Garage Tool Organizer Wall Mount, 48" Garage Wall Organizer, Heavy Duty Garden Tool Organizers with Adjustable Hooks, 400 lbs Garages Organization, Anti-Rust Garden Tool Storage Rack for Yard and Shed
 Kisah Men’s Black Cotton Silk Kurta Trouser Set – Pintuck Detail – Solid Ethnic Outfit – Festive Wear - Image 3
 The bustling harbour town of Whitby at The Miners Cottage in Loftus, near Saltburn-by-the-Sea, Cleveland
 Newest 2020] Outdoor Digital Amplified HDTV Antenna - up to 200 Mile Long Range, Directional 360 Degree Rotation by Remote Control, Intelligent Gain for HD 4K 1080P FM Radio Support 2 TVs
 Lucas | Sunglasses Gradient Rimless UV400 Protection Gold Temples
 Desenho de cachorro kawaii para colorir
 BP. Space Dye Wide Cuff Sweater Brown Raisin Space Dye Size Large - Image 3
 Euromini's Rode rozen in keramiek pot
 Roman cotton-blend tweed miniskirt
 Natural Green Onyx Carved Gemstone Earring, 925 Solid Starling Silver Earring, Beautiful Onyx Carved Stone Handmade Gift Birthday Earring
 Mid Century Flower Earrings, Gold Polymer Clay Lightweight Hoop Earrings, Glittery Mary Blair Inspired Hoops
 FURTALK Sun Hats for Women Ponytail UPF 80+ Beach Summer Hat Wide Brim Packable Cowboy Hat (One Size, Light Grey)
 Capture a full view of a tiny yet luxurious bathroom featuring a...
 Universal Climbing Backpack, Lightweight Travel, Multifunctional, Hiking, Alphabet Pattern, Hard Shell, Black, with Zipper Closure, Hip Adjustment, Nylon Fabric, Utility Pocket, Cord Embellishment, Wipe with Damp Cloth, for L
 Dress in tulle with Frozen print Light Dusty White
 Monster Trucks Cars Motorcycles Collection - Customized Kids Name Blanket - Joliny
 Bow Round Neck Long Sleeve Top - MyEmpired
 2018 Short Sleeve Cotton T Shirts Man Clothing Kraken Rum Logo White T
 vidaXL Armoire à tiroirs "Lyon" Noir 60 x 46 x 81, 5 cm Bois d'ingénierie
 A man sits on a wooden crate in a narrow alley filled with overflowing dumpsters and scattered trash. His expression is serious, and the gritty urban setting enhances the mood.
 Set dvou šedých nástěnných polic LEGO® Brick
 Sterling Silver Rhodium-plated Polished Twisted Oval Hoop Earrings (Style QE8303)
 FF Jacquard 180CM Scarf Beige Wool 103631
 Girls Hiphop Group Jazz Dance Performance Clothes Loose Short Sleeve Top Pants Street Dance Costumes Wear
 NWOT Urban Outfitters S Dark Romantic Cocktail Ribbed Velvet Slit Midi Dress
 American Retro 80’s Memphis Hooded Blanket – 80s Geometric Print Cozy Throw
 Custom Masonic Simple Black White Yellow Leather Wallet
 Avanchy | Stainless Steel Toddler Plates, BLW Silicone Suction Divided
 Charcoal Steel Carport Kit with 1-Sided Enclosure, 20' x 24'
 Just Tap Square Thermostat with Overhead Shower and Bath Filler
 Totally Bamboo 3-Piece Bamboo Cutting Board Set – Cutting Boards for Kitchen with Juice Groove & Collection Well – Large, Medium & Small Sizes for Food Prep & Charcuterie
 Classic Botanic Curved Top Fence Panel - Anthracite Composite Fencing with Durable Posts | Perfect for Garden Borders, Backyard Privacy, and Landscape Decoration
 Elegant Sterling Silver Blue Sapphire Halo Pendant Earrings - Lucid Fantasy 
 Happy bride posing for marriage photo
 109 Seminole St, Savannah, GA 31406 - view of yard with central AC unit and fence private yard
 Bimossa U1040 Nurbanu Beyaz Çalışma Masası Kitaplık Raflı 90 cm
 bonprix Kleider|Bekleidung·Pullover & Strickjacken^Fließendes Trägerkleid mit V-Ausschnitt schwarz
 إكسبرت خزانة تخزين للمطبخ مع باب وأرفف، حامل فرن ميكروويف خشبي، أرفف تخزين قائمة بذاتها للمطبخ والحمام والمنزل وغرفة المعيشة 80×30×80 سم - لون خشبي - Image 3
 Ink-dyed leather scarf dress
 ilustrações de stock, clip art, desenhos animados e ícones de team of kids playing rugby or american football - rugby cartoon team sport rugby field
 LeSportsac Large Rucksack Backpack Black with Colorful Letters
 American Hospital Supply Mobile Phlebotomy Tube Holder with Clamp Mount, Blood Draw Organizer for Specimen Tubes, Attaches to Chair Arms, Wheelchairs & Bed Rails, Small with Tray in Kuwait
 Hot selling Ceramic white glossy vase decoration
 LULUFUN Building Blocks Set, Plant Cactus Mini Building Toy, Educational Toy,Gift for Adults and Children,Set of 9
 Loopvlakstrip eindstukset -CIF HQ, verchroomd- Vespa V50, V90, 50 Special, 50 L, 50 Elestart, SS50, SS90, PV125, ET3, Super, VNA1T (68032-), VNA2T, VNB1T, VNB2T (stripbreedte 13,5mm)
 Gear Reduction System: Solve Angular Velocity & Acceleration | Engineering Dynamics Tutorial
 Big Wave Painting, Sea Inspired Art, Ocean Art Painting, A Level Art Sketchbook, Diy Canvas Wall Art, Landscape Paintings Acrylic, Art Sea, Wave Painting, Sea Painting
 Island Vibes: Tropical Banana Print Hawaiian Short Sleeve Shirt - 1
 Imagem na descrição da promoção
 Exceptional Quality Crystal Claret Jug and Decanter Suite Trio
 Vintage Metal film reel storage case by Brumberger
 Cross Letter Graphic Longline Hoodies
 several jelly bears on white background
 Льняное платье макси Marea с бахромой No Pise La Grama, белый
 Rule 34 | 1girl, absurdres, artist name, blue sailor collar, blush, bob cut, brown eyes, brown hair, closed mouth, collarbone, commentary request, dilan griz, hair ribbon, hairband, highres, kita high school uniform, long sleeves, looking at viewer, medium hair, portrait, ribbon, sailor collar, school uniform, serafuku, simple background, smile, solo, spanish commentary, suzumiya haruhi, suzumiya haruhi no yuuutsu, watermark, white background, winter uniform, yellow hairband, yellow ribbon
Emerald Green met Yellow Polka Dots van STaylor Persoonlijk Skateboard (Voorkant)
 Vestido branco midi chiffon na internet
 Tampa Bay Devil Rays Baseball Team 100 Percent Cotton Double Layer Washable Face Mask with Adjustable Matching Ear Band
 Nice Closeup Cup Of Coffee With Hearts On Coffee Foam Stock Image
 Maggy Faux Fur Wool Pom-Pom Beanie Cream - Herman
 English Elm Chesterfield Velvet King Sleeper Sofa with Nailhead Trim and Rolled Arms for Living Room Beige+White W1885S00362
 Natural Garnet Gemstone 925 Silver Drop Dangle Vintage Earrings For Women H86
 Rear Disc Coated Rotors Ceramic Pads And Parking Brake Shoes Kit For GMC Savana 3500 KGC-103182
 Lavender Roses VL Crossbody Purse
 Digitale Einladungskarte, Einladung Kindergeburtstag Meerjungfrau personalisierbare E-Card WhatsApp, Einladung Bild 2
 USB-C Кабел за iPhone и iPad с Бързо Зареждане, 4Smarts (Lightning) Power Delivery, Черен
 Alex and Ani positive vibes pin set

- - - - -

- About this exercise
When you respond, give the whole listing again exactly as written.

- Output for this task
Garage Tool Organizer Wall Mount, 48" Garage Wall Organizer, Heavy Duty Garden Tool Organizers with Adjustable Hooks, 400 lbs Garages Organization, Anti-Rust Garden Tool Storage Rack for Yard and Shed
 Kisah Men’s Black Cotton Silk Kurta Trouser Set – Pintuck Detail – Solid Ethnic Outfit – Festive Wear - Image 3
 The bustling harbour town of Whitby at The Miners Cottage in Loftus, near Saltburn-by-the-Sea, Cleveland
 Newest 2020] Outdoor Digital Amplified HDTV Antenna - up to 200 Mile Long Range, Directional 360 Degree Rotation by Remote Control, Intelligent Gain for HD 4K 1080P FM Radio Support 2 TVs
 Lucas | Sunglasses Gradient Rimless UV400 Protection Gold Temples
 Desenho de cachorro kawaii para colorir
 BP. Space Dye Wide Cuff Sweater Brown Raisin Space Dye Size Large - Image 3
 Euromini's Rode rozen in keramiek pot
 Roman cotton-blend tweed miniskirt
 Natural Green Onyx Carved Gemstone Earring, 925 Solid Starling Silver Earring, Beautiful Onyx Carved Stone Handmade Gift Birthday Earring
 Mid Century Flower Earrings, Gold Polymer Clay Lightweight Hoop Earrings, Glittery Mary Blair Inspired Hoops
 FURTALK Sun Hats for Women Ponytail UPF 80+ Beach Summer Hat Wide Brim Packable Cowboy Hat (One Size, Light Grey)
 Capture a full view of a tiny yet luxurious bathroom featuring a...
 Universal Climbing Backpack, Lightweight Travel, Multifunctional, Hiking, Alphabet Pattern, Hard Shell, Black, with Zipper Closure, Hip Adjustment, Nylon Fabric, Utility Pocket, Cord Embellishment, Wipe with Damp Cloth, for L
 Dress in tulle with Frozen print Light Dusty White
 Monster Trucks Cars Motorcycles Collection - Customized Kids Name Blanket - Joliny
 Bow Round Neck Long Sleeve Top - MyEmpired
 2018 Short Sleeve Cotton T Shirts Man Clothing Kraken Rum Logo White T
 vidaXL Armoire à tiroirs "Lyon" Noir 60 x 46 x 81, 5 cm Bois d'ingénierie
 A man sits on a wooden crate in a narrow alley filled with overflowing dumpsters and scattered trash. His expression is serious, and the gritty urban setting enhances the mood.
 Set dvou šedých nástěnných polic LEGO® Brick
 Sterling Silver Rhodium-plated Polished Twisted Oval Hoop Earrings (Style QE8303)
 FF Jacquard 180CM Scarf Beige Wool 103631
 Girls Hiphop Group Jazz Dance Performance Clothes Loose Short Sleeve Top Pants Street Dance Costumes Wear
 NWOT Urban Outfitters S Dark Romantic Cocktail Ribbed Velvet Slit Midi Dress
 American Retro 80’s Memphis Hooded Blanket – 80s Geometric Print Cozy Throw
 Custom Masonic Simple Black White Yellow Leather Wallet
 Avanchy | Stainless Steel Toddler Plates, BLW Silicone Suction Divided
 Charcoal Steel Carport Kit with 1-Sided Enclosure, 20' x 24'
 Just Tap Square Thermostat with Overhead Shower and Bath Filler
 Totally Bamboo 3-Piece Bamboo Cutting Board Set – Cutting Boards for Kitchen with Juice Groove & Collection Well – Large, Medium & Small Sizes for Food Prep & Charcuterie
 Classic Botanic Curved Top Fence Panel - Anthracite Composite Fencing with Durable Posts | Perfect for Garden Borders, Backyard Privacy, and Landscape Decoration
 Elegant Sterling Silver Blue Sapphire Halo Pendant Earrings - Lucid Fantasy 
 Happy bride posing for marriage photo
 109 Seminole St, Savannah, GA 31406 - view of yard with central AC unit and fence private yard
 Bimossa U1040 Nurbanu Beyaz Çalışma Masası Kitaplık Raflı 90 cm
 bonprix Kleider|Bekleidung·Pullover & Strickjacken^Fließendes Trägerkleid mit V-Ausschnitt schwarz
 إكسبرت خزانة تخزين للمطبخ مع باب وأرفف، حامل فرن ميكروويف خشبي، أرفف تخزين قائمة بذاتها للمطبخ والحمام والمنزل وغرفة المعيشة 80×30×80 سم - لون خشبي - Image 3
 Ink-dyed leather scarf dress
 ilustrações de stock, clip art, desenhos animados e ícones de team of kids playing rugby or american football - rugby cartoon team sport rugby field
 LeSportsac Large Rucksack Backpack Black with Colorful Letters
 American Hospital Supply Mobile Phlebotomy Tube Holder with Clamp Mount, Blood Draw Organizer for Specimen Tubes, Attaches to Chair Arms, Wheelchairs & Bed Rails, Small with Tray in Kuwait
 Hot selling Ceramic white glossy vase decoration
 LULUFUN Building Blocks Set, Plant Cactus Mini Building Toy, Educational Toy,Gift for Adults and Children,Set of 9
 Loopvlakstrip eindstukset -CIF HQ, verchroomd- Vespa V50, V90, 50 Special, 50 L, 50 Elestart, SS50, SS90, PV125, ET3, Super, VNA1T (68032-), VNA2T, VNB1T, VNB2T (stripbreedte 13,5mm)
 Gear Reduction System: Solve Angular Velocity & Acceleration | Engineering Dynamics Tutorial
 Big Wave Painting, Sea Inspired Art, Ocean Art Painting, A Level Art Sketchbook, Diy Canvas Wall Art, Landscape Paintings Acrylic, Art Sea, Wave Painting, Sea Painting
 Island Vibes: Tropical Banana Print Hawaiian Short Sleeve Shirt - 1
 Imagem na descrição da promoção
 Exceptional Quality Crystal Claret Jug and Decanter Suite Trio
 Vintage Metal film reel storage case by Brumberger
 Cross Letter Graphic Longline Hoodies
 several jelly bears on white background
 Льняное платье макси Marea с бахромой No Pise La Grama, белый
 Rule 34 | 1girl, absurdres, artist name, blue sailor collar, blush, bob cut, brown eyes, brown hair, closed mouth, collarbone, commentary request, dilan griz, hair ribbon, hairband, highres, kita high school uniform, long sleeves, looking at viewer, medium hair, portrait, ribbon, sailor collar, school uniform, serafuku, simple background, smile, solo, spanish commentary, suzumiya haruhi, suzumiya haruhi no yuuutsu, watermark, white background, winter uniform, yellow hairband, yellow ribbon
Emerald Green met Yellow Polka Dots van STaylor Persoonlijk Skateboard (Voorkant)
 Vestido branco midi chiffon na internet
 Tampa Bay Devil Rays Baseball Team 100 Percent Cotton Double Layer Washable Face Mask with Adjustable Matching Ear Band
 Nice Closeup Cup Of Coffee With Hearts On Coffee Foam Stock Image
 Maggy Faux Fur Wool Pom-Pom Beanie Cream - Herman
 English Elm Chesterfield Velvet King Sleeper Sofa with Nailhead Trim and Rolled Arms for Living Room Beige+White W1885S00362
 Natural Garnet Gemstone 925 Silver Drop Dangle Vintage Earrings For Women H86
 Rear Disc Coated Rotors Ceramic Pads And Parking Brake Shoes Kit For GMC Savana 3500 KGC-103182
 Lavender Roses VL Crossbody Purse
 Digitale Einladungskarte, Einladung Kindergeburtstag Meerjungfrau personalisierbare E-Card WhatsApp, Einladung Bild 2
 USB-C Кабел за iPhone и iPad с Бързо Зареждане, 4Smarts (Lightning) Power Delivery, Черен
 Alex and Ani positive vibes pin set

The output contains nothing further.